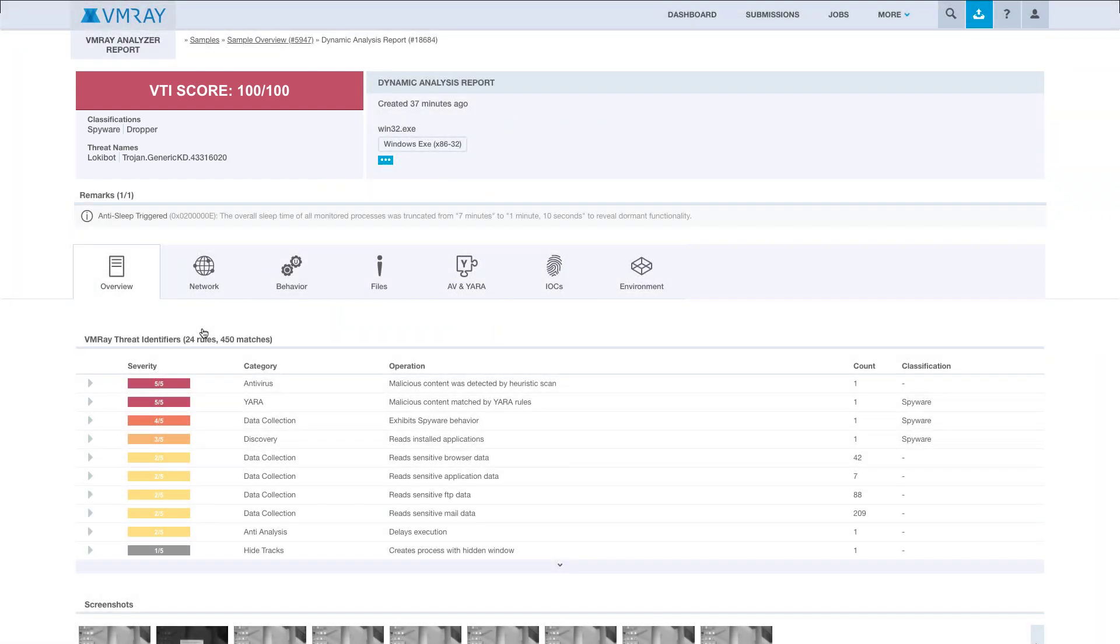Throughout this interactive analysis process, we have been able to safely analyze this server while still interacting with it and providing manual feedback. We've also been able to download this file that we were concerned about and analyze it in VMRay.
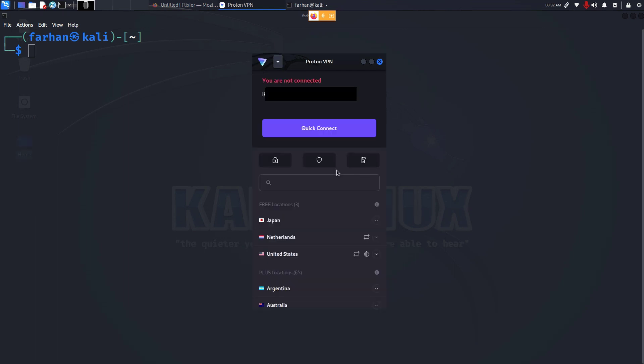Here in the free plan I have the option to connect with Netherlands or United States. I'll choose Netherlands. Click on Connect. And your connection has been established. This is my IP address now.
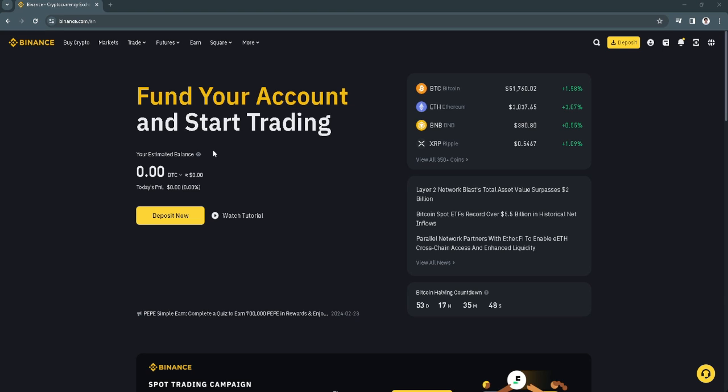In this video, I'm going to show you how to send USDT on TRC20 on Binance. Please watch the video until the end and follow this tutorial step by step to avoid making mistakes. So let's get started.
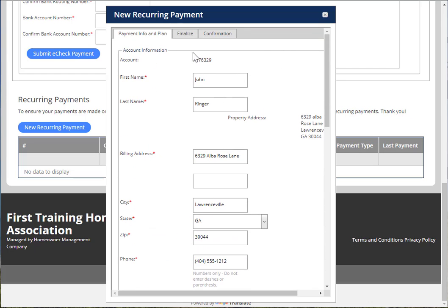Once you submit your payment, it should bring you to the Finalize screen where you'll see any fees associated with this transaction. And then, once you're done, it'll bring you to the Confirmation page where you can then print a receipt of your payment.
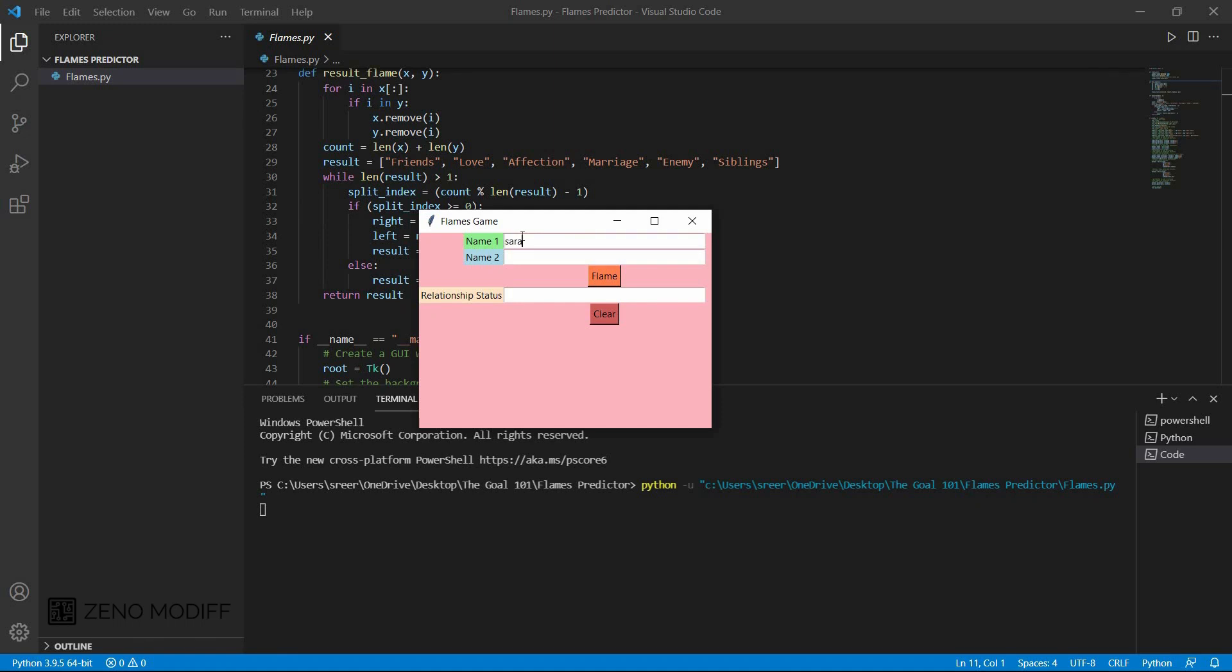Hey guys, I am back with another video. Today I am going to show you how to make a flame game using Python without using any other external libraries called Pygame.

* * *

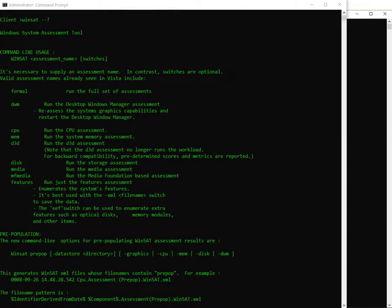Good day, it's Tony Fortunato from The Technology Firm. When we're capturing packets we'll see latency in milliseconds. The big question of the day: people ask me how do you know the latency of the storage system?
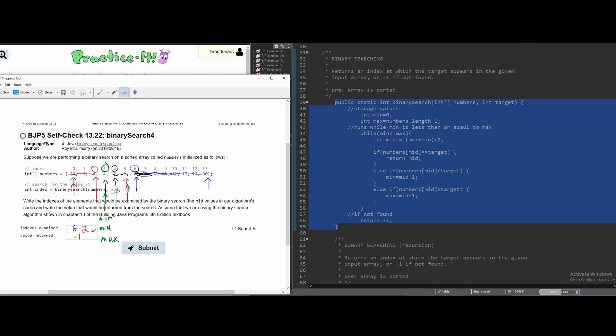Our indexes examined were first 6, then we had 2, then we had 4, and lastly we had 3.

* * *

(WORK ORDER)
Print everything from the line with "In this video, I'm" down to the line with "Hey guys, I" in the entries above, both lines included and nothing more, without the pictures.

(SOLVED PROBLEM)
In this video, I'm going to show you how to send USDT on TRC20 on Binance. Please watch the video until the end and follow this tutorial step by step to avoid making mistakes. So let's get started.
Once you submit your payment, it should bring you to the Finalize screen where you'll see any fees associated with this transaction. And then, once you're done, it'll bring you to the Confirmation page where you can then print a receipt of your payment.
Hey guys, I am back with another video. Today I am going to show you how to make a flame game using Python without using any other external libraries called Pygame.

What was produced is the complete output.